When writing a lexer for ECMAScript how do you decide when to change between the goal symbols? https://tc39.es/ecma262/#sec-ecmascript-language-lexical-grammar I naively converted them to regex to toy with an idea. https://gist.github.com/sirisian/5c3402ca51a2440f0bc4e5d297269195 (Ignore any mistakes, I plan to redo it). Like I get that you'd start with InputElementHashbangOrRegExp https://regex101.com/r/YYgu1i/1 So the lexer would take tokens until it ran into a TemplateMiddle or TemplateTail. So in that example it takes the "a" then can't consume the "}". Where does one get the context, whether a RegularExpressionLiteral or TemplateMiddle/Tail is permitted? Is this based on the previous tokens? Do you have to like parse as you run the lexer so you'd potentially parse TemplateSpans -> TemplateMiddleList -> TemplateMiddle and this that would mean that's permitted. (And then you'd do the same to see if RegularExpressionLiteral is permitted)?
yes, you have to parse as you run the lexer
or at least, this is how everyone does it afaik

that is what this sentence is getting at:

There are several situations where the identification of lexical input elements is sensitive to the syntactic grammar context that is consuming the input elements.

i.e., you can't know how to tokenize (the lexical grammar) without knowing the context from the higher-level parse (the syntactic grammar)
<Richard Gibson>
my understanding is basically that you start with lexical goal symbol |InputElementHashbangOrRegExp| and syntactic goal symbol being either |Script| or |Module|. Production of an input element from application of that |InputElementHashbangOrRegExp| goal will then limit possibilities in the syntactic grammar to the point where the new lexical goal symbol is determined.
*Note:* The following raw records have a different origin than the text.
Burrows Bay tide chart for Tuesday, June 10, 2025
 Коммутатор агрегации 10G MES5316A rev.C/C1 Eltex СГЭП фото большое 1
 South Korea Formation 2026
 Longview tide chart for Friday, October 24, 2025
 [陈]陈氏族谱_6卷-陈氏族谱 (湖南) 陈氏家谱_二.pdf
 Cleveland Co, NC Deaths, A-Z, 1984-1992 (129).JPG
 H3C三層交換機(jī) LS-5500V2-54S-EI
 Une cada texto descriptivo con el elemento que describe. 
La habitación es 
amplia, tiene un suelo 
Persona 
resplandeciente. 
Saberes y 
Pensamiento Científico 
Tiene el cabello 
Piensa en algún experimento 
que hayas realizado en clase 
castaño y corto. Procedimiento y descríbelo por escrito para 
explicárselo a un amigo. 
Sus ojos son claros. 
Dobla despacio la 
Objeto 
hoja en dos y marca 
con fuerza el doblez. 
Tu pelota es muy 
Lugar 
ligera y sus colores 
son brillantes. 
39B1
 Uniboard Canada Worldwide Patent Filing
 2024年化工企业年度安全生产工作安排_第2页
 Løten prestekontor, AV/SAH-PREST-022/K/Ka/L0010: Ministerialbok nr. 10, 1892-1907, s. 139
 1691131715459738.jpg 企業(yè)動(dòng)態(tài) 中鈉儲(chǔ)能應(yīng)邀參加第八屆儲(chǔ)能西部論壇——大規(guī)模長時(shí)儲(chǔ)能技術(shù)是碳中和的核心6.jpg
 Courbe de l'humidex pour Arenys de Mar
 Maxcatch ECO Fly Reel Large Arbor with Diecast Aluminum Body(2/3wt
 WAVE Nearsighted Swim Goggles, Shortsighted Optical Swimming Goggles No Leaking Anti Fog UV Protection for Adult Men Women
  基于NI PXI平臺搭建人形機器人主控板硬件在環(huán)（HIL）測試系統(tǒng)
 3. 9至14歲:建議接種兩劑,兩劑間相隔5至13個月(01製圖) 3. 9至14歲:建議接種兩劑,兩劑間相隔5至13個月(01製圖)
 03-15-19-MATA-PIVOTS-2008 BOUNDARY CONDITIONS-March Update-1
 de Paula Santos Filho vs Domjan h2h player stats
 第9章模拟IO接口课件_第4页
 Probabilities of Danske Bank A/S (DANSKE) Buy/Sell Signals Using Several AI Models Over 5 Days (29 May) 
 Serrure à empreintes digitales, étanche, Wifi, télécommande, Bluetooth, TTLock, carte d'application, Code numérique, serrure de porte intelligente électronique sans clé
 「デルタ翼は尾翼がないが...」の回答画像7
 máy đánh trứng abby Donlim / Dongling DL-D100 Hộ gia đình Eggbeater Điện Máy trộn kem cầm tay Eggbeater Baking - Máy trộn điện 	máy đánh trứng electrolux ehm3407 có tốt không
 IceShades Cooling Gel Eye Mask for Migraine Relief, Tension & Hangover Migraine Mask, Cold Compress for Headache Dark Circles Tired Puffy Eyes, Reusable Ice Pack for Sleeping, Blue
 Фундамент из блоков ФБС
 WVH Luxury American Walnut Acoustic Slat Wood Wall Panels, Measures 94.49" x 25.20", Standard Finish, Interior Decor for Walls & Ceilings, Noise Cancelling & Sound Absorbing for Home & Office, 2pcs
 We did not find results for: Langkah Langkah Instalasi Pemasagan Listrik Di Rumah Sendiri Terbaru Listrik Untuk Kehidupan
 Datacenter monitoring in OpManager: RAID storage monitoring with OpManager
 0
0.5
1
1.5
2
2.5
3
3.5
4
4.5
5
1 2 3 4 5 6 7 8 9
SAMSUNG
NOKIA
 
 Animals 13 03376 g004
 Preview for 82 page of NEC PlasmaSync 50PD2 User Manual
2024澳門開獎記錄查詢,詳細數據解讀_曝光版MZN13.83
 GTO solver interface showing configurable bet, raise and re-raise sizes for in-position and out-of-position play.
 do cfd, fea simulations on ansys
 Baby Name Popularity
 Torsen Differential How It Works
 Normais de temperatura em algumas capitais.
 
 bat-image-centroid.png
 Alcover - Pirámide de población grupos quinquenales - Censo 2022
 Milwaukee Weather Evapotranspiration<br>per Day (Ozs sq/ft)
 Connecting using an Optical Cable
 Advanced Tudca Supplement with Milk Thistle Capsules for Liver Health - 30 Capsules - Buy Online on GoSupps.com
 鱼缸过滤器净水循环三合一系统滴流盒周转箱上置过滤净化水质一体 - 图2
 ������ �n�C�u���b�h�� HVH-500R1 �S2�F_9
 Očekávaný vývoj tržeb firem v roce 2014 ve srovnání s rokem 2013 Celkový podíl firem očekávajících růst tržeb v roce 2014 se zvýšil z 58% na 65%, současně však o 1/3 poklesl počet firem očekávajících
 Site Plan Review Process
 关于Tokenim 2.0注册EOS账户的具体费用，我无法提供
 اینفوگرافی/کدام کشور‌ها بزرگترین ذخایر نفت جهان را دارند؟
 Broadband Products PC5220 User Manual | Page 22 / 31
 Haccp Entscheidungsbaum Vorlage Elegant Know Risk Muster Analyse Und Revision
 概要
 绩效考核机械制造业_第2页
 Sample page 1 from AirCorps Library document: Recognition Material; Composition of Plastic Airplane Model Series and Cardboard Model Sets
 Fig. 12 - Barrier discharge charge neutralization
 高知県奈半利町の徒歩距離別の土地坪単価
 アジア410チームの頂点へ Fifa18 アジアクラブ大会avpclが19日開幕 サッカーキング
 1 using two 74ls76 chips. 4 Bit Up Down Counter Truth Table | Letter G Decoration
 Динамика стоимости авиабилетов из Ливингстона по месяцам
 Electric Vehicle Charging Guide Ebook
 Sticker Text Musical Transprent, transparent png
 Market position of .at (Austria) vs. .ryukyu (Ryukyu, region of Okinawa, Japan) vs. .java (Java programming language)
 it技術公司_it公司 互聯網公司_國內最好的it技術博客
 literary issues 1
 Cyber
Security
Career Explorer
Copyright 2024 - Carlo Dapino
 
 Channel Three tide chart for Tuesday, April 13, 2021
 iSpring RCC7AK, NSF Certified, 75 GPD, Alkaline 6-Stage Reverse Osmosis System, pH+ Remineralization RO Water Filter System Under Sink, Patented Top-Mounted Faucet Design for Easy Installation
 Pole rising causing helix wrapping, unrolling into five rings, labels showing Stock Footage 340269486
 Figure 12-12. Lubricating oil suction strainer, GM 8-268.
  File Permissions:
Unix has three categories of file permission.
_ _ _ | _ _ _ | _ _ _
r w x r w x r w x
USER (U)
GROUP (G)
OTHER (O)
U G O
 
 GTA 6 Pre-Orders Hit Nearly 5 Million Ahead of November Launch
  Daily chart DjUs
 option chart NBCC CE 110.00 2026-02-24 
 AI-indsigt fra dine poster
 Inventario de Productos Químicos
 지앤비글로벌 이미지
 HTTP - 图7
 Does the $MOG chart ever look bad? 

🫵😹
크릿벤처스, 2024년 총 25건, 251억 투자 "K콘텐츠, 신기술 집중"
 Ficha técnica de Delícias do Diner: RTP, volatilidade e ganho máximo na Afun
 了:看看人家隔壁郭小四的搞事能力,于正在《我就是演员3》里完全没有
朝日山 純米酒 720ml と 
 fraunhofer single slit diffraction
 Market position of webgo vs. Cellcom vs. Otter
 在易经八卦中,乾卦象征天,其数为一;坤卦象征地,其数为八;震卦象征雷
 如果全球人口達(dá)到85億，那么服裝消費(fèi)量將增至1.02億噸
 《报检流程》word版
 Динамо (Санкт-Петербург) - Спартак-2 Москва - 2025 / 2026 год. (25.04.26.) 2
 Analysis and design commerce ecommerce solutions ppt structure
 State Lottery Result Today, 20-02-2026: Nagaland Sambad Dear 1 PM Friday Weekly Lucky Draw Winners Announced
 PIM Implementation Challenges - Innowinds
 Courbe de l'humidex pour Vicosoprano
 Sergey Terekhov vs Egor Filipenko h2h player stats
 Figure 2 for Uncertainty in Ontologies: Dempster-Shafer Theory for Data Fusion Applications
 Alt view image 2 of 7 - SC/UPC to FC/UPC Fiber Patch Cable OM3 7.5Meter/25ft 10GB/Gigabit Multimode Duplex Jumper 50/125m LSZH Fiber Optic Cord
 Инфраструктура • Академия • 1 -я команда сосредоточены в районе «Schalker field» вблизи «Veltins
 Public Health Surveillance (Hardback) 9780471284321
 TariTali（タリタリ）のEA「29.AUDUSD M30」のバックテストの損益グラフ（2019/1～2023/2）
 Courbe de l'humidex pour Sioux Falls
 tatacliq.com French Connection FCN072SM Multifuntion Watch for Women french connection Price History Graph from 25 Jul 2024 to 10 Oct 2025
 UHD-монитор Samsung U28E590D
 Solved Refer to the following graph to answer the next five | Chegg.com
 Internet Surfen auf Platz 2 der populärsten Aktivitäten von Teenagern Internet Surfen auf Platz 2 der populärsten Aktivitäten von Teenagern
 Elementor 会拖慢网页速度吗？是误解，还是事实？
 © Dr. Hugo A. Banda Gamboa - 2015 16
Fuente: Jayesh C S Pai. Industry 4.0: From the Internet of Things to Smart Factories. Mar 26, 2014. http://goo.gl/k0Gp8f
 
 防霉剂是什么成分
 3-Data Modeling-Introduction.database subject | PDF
For example: if the first input element is a |TemplateHead| `prefix${ then the syntactic grammar has committed to an |ExpressionStatement| and its contained |Expression| starts with a |SubstitutionTemplate| whose aforementioned |TemplateHead| must be followed by an |Expression|. |Expression| can expand to |RegularExpressionLiteral| but not to |TemplateMiddle|, so the new lexical goal symbol is |InputElementRegExp|. If that produces input element |StringLiteral| "foo", then the syntactic grammar has committed the inner |Expression| to a |MemberExpression| starting with that literal as the |PrimaryExpression|, which can be followed by something that extends the |MemberExpression| (i.e., [ or . for member access or ` for a tagged template or a noncommittal |WhiteSpace| or |LineTerminator| or |Comment|), or otherwise by something that extends a containing production (e.g., ( for a call or ?. for an optional chain or / for a division or } to continue the outer template). So that means the next input element can be a |TemplateMiddle| or |TemplateTail| but not a |RegularExpressionLiteral|, and the new lexical goal symbol is |InputElementTemplateTail|. Continue ad nauseam.
<Richard Gibson>
Timo Tijhof: you can get consistent sorting like newPages.sort( ( a, b ) => (isNaN(a.index) ? Infinity : a.index) - (isNaN(b.index) ? Infinity : b.index) ), but I don't think there's any way to avoid some kind of surrogate value
Richard Gibson re your lexing+parsing description: yup, that sounds about right.